David Attenborough Warns World Leaders That Climate Change Is The "Biggest Threat" To Global Security
David Attenborough issues the stark warning during a session of the UN Security Council
Leading environmentalist David Attenborough has issued a stark warning over the threat of climate change to global security, and called for "unparalleled" cooperation between nations.
Addressing the UN Security Council, Attenborough told world leaders they had an "awesome responsibilty" to tackle climate change or risk the "break down" of civilisation.
The broadcaster made his remarks via video link during the session on Tuesday which was chaired by Prime Minister Boris Johnson, the first time a British PM has led the meeting since 1992.
In a heartfelt plea to the 15 members of the UNSC, he said: "We know that the security of the entire world depends on your decisions.
"You hold the key to prevent a repetition of that global catasrophe – the Great War – that took place during my youth and transformed an entire generation.
"And that awesome responsiblity, I know well, still rests with you. But may I plead that today there are threats to security of a new, and unprecedented kind.
He added: "These threats do not divide us, they are threats which should unite us, no matter from which part of the world we come.
"For they face us all."
The 94 yeard old conservationist said rising global temperatures, the despoiling of the ocean and changing weather patterns would "assuredly become reality" in the coming years, while others could "destroy entire cities and societies" for the next generation unless urgent action is taken.
"If we continue on our current path we will face the collapse of everything that gives us our security," he said.
"Food production, access to fresh water, habitable ambient temperature and ocean food chains. And if the natural world can no longer support the most basic of our needs, then much of the rest of civilisation will quickly break down.
"Please make no mistake, climate change is the biggest threat to security that modern humans have ever faced.
"I don't envy you the responsibility that this places on all of you and your governments.
"We have left the stable and secure climate period that gave birth to our civilisations.
"There is no going back. No matter what we do now, it is too late to avoid climate change, and the poorest and most vulnerable, those with the least security are certain to suffer."

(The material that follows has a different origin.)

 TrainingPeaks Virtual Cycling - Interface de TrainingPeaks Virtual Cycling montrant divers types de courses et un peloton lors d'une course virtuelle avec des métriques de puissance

But Attenborough said while it was impossible to return to the "stable, benign" climate that had allowed life to flourish on earth, that there were "grounds for hope" if world governments acted quickly.
He claimed the upcoming UN Climate Change Conference, COP-26, due to be held in Glasgow later this year was "our last opportunity to make the necessary step-change".
Speaking ahead of the session, Boris Johnson said failure to tackle climate change could lead to further insecurity and worsening conflicts.
"From the communities uprooted by extreme weather and hunger, to warlords capitalising on the scramble for resources – a warming planet is driving insecurity," he said.
"Unlike many issues the security council deals with, this is one we know exactly how to address. By helping vulnerable countries adapt to climate change and cutting global emissions to net zero, we will protect not only the bountiful biodiversity of our planet, but its prosperity and security."